Please see my answer to question 2.2 above, together with Annex II below, for a description of the difficulties associated with the present arrangements to ensure coherence and uniformity through a review procedure. Those difficulties would only be exacerbated if further specialist courts at the same level as the Civil Service Tribunal were to be created without some radical change to that review procedure.

In respect of the suggestion that jurisdiction to deal with preliminary rulings should be transferred to such courts, please see the second and third points in my answer to question 2.2 above (which would apply a fortiori to a transfer of such jurisdiction not to the General Court, but to such other specialised courts).

2.11  To what extent can Member States, other institutions or litigants and their representatives, assist in helping the Court meet the challenges it faces?

Please see my answer to questions 1.9 and 2.9 above.

Annex I

A comparison of the normal reference procedure and the PPU

In creating the PPU, the Court of Justice was faced with a conundrum. How could PPU cases (a) be given urgent treatment and be decided very rapidly whilst (b) allowing all Member States to exercise their rights as privileged interveners and (b) respecting the 23 language regime?

The solution adopted is to permit only those who can use the language of procedure (the parties, the Member State concerned and the Commission) to lodge written observations, normally within 10 working days (instead of the usual 2 months). Meanwhile, the order for reference is translated into all other languages so that the other Member States know what is at issue and can decide whether to intervene. A hearing is listed within about three weeks. In the meantime, the (short) written observations are translated into the Court's unofficial working language (French) and are made available to the Member States in that language and the original.

Thus, a lot of time is gained at this stage, in comparison with a normal reference. The cost is twofold. First, there are no written submissions from other Member States and the written material on the case is rather exiguous. Second, both the Reporting Judge and the Advocate General will do a lot of additional work before the hearing, trying to pin down the issues and pre-drafting (respectively) a first version of the draft judgment and the draft statement of position ('prise de position'), in the knowledge that everything may change radically as a result of the hearing.

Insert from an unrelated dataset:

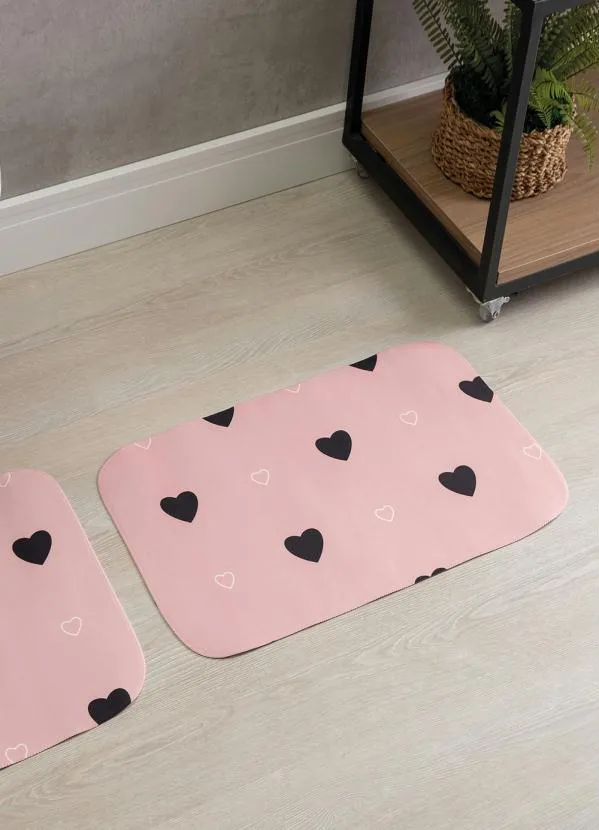 Lar e Lazer - Jogo de Banheiro Corações Rosa 2 Peças 2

At the hearing (which will last significantly longer than a normal hearing), Member States that intervene can make oral submissions but cannot put in anything in writing. In practice, therefore, they often try (literally) to read out loud at the hearing the detailed (written) submissions that they would otherwise have lodged (thus putting an enormous burden and responsibility on the interpreters, who will have invested heavily in trying to prepare for the unknown). It is also quite a tiring process for the Court to listen to what would have been written submissions delivered through interpretation (sometimes, through a relay, e.g. Lithuanian to English, and then English to Portuguese).

Following the hearing, both the Advocate General and the Reporting Judge are under intense pressure—the former, to produce his statement of position (revised or sometimes entirely rewritten in the light of the hearing) within 48 hours; the latter to submit a draft judgment to his colleagues for deliberation so that the text can be deliberated, finalised and translated for delivery within (if possible) a couple of weeks of the hearing.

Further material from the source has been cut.